Elasticsearch How to Handle Recurring RED Status Events in OpenSearch- Customer Post Mortem  

By Opster Team

Updated: Jun 28, 2023

| 2 min read

High Cluster Pending Tasks Event in AutoOps

Background

One of Opster’s customers was dealing with frequent red status troubles in OpenSearch. Once they connected their cluster to AutoOps, the issue began to become clear. Of the many events detected automatically by AutoOps, one was the “high cluster pending task” event. Together with Opster’s experts, the team began to investigate.

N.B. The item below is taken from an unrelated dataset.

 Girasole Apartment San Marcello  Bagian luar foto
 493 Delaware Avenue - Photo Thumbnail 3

Opster AutoOps - Red Status Event

The problem detected

AutoOps detected that there were more than 1000 pending tasks in the cluster. The team called the `GET _cluster/pending_tasks` API and analyzed the result. After examining the outputs, it appeared that the many pending tasks were being caused by thousands of indices which were included in the ILM policy calling for “action: rollover”, though the indices were not suitable for rollovers. Having so many tasks pending in the cluster created too much pressure, leading the cluster to become unresponsive and the master nodes to constantly time out. 

Solution

There were more than 5 thousand indices in the cluster. Some of these indices were indexed as rollover, ie <index>-00001, and some as daily, ie <index>-yyyy-MM-dd. First, the team ran the following command to detect which indices had ILM errors:

`GET _all/_ilm/explain?filter_path=**.step`

Then the team made a list of the index names with a few shell scripts. Now the team had the complete list of indices which needed to be updated, and began the process of changing their ILM policies. 

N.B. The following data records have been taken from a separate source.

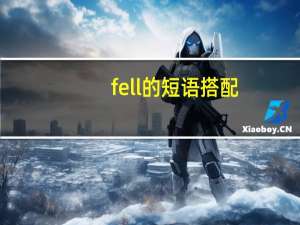 fell的短语搭配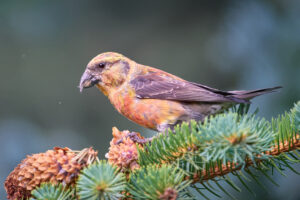 Red Crossbill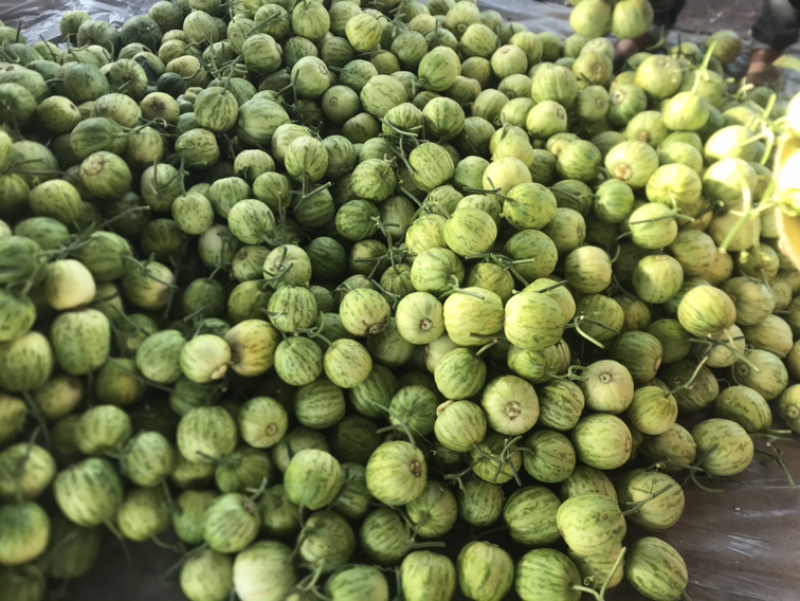 ‼️精品头茬博洋55火爆热销中‼️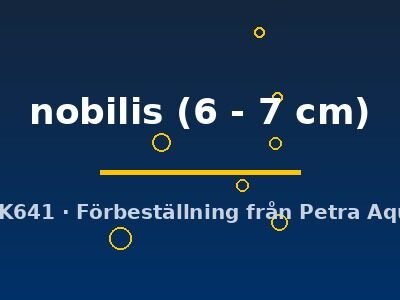 nobilis (6 - 7 cm)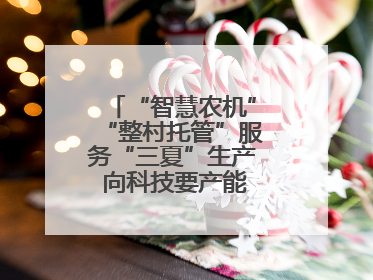 “智慧农机”“整村托管”服务“三夏”生产 向科技要产能筑牢丰产基础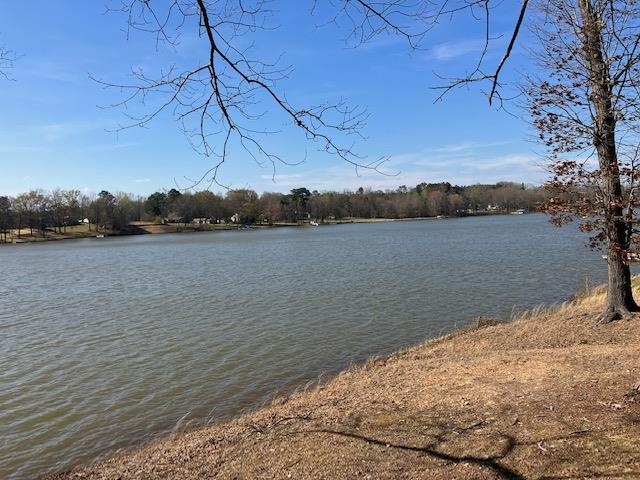 119 Dickson Cove Road Campobello, SC 29322 - Photo 14 of 20 Gallery Image 14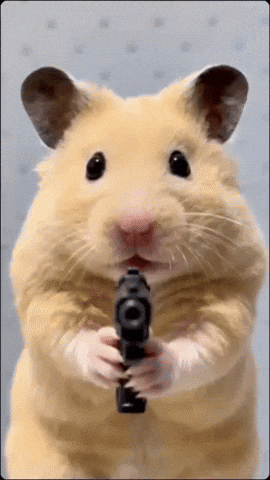 Gun Love GIF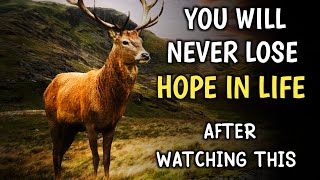 YOU WILL NEVER LOSE HOPE IN YOUR LIFE | MOTIVATIONAL STORY OF A DEER | #hope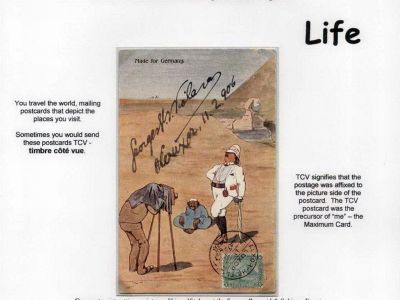 A MAXIMUM LIFE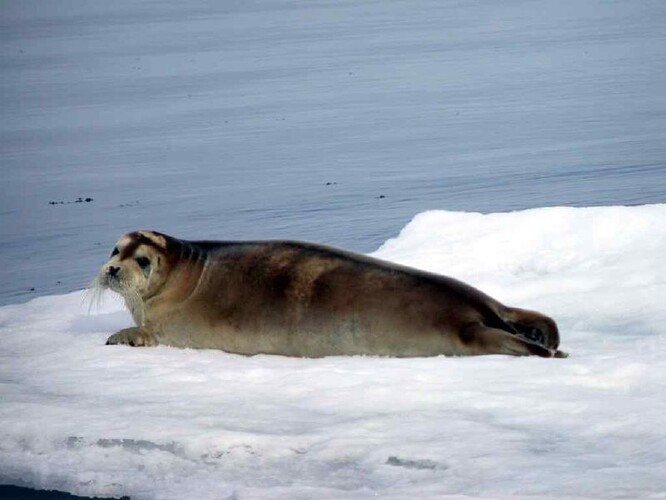Tuleni vousatí se v Kotzebueově zálivu, kde Iňupiaté žijí, objevují vždy na jaře, když migrují Čukotským mořem na sever.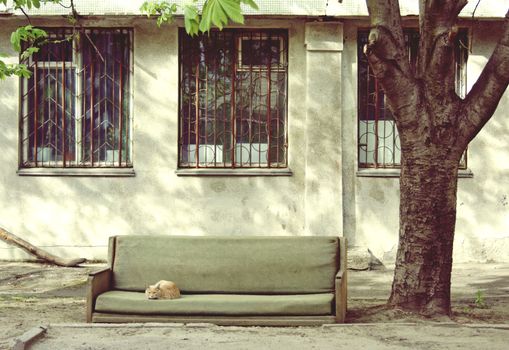 The cat sleeps on the couch thrown out into the street. Homeless animals are looking for a home.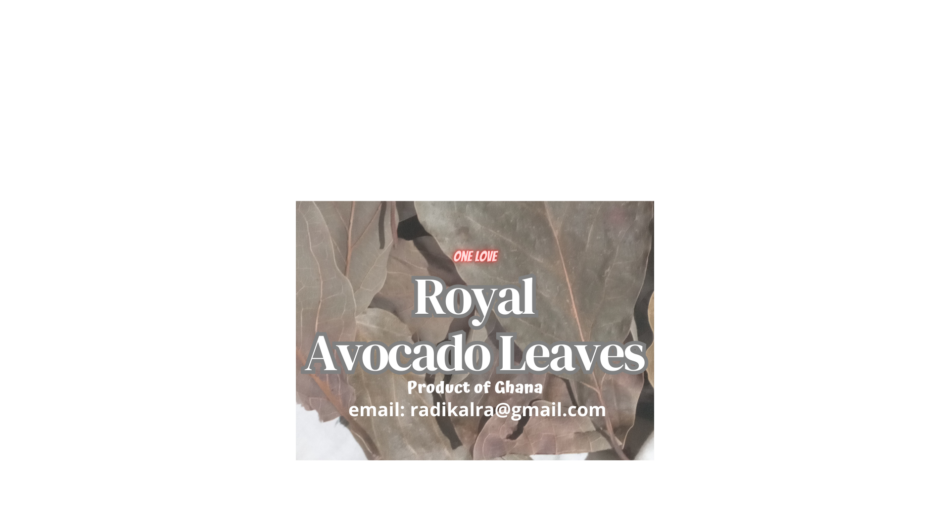 Avocado Leaves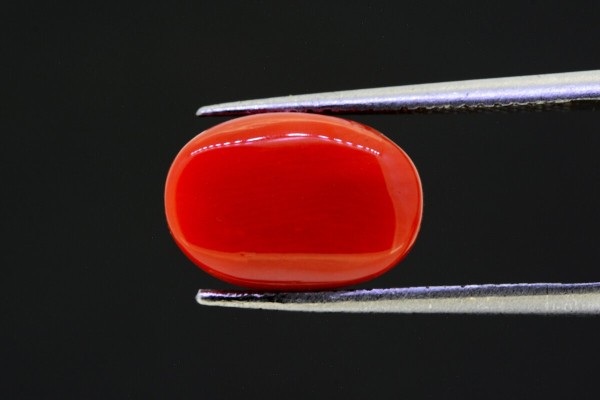 5.2 cts Natural Coral (Moonga)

However, when they ran the following command, the cluster timed out again.

`PUT <index>-yyyy-MM-dd/_ilm/remove`

They tried increasing the master_timeout time, but it didn’t solve the issue. The customer, together with Opster’s experts, decided to stop all ILM processes and run the following command:

`POST _ilm/stop`

After a while, master nodes started to return to normal and pending tasks had temporarily disappeared, so they tried the command again.

The `PUT <index>-yyyy-MM-dd/_ilm/remove` command now worked successfully. 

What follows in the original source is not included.